Google+ has stirred up interest in the issue of online identity and the use of ‘real names’ – I’m seeing support for and against this policy being expressed. Of course people have always been concerned about online identity and the privacy issues around social networks, particularly massive networks like Facebook. So why is this an issue now?
- We are thinking and learning more about the issue of privacy as more people live out their lives online.
- We are transacting more and more online (and we are aware we leave digital footprints).
- The role of social media in ‘government 2.0’, politics and its role in stimulating change in countries which are less open.
Google+ simply came about at the right time – it presents the oppourtunity to do things differently. Or as I like to think about it, we are re-evaluating the promise, tool, and bargain offered by these services.
For those arguing for real names, the basic argument I’m hearing is that people like the idea of creating a social network based on those real identities because it will create a better, safer and more friendly environment. And of course, why do you need to hide behind a pseudonyms anyway? A more blatently commerical view, but worthy of consideration, is the argument that if you want the benefits of transacting online in interesting and social ways then the network needs to know who you are.
Focusing on the arguments against real names:
- Danah Boyd, writing “Real Names” Policies Are an Abuse of Power and Designing for Social Norms (or How Not to Create Angry Mobs).
- Electronic Freedom Frontiers, A Case for Pseudonyms.
- UPDATE: The Atlantic, Why Facebook and Google’s Concept of ‘Real Names’ Is Revolutionary.
The way I think about is that if this is to work, then people are really asking for the creation of an online identity card. This presents a useful way to engage with the issue of ‘real names’ – as a primer Wikipedia has an introduction to the pros and cons of identity cards, which I won’t repeat here. Not only would we need to enforce the use of real names, we should also consider systems to create compliance and trust in other aspects of how people present themselves online, including their profile picture and profile information.
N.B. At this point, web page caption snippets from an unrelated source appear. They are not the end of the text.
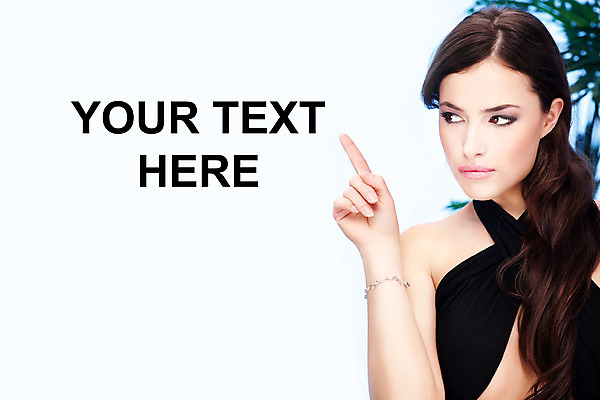 포토 JPG 해외이미지 나무 라이프스타일 얼굴 신체 손가락 자연 하늘 휴가 휴식 건강 손바닥 한명 성인 여름 비키니 우주 신선 인덱스 해외202004 해외포토 식물 1 손 계절 수영복 컨셉 사람 생활 신체부위 생태계 파일형식 이미지허브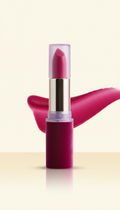 Orchid Velvet Lipstick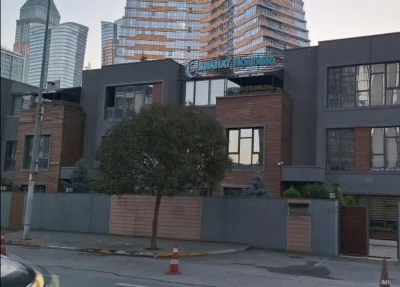 GAİN soruşturmasında Berkin Kaya ve Selahattin Aydın'ın savcılık ifadeleri ortaya &ccedil;ıktı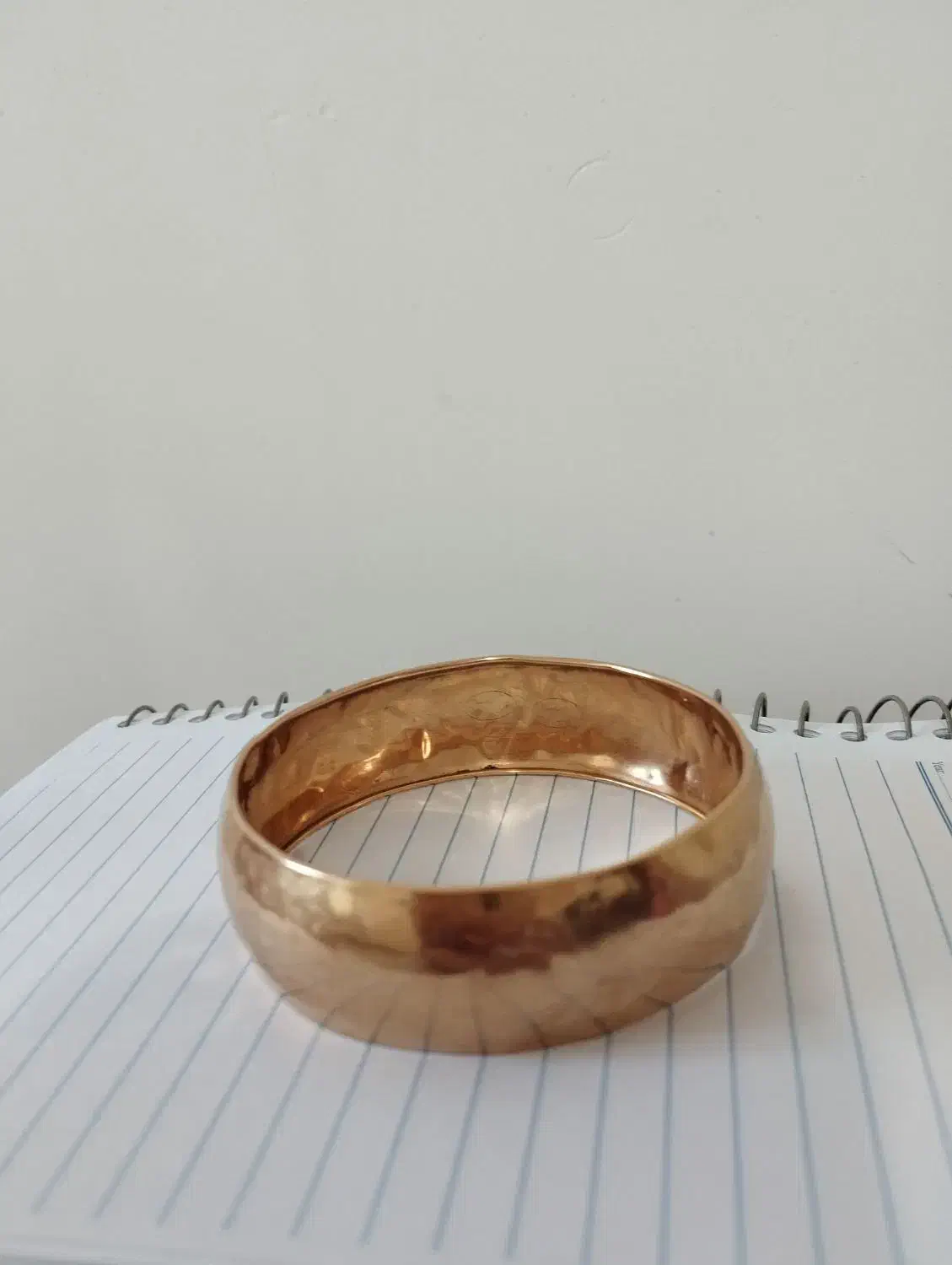 فروش تک پوش طلا فوری|جواهرات|نورآباد, |دیوار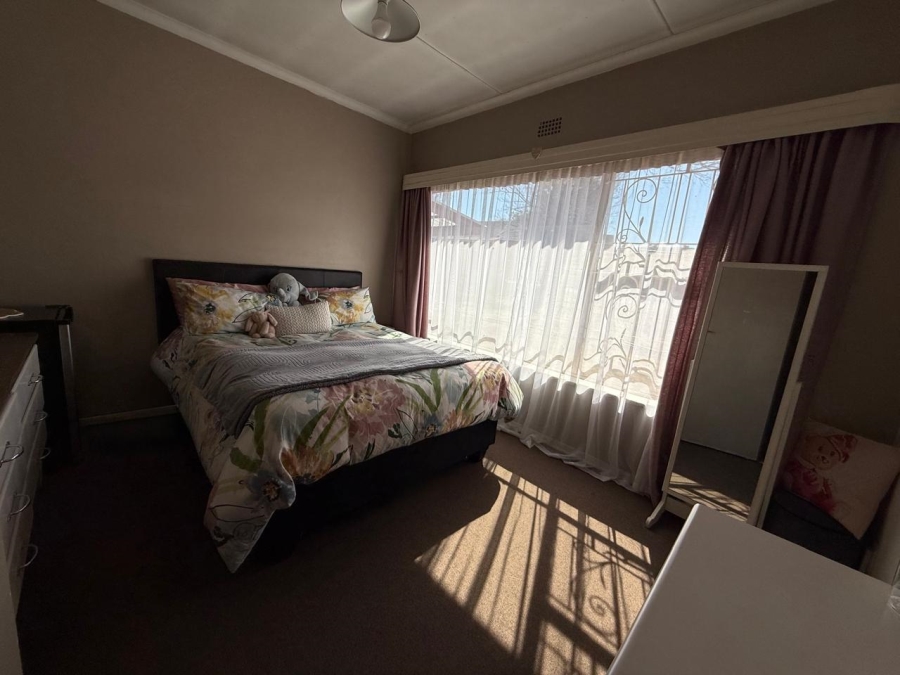 3 Bedroom Property for Sale in Dalpark Proper Gauteng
Personally, I wouldn’t rely on that ‘real name’ that appears on the screen. Social systems (online and physical world) can be gamed and identity is only one element of trust. What we actually need to think about are circles of trust and building systems that allow us different levels of freedom and interaction using degrees of identity, just as we do in the physical world.
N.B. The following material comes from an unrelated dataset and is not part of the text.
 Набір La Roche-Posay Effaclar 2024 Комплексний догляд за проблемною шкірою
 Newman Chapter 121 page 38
I mean, imagine if each and every conversation or transaction in the physical world required you to identify yourself explicitly. Even worse – if you refused to show that ID card for each conversation or transaction, you would be excluded from the community you live in.
We actually need to find a balance between the promise, tools and bargin made with social networks so that it benefits both individuals and the other users and stakeholders of the network. I’m not sure a blanket real name policy achieves that.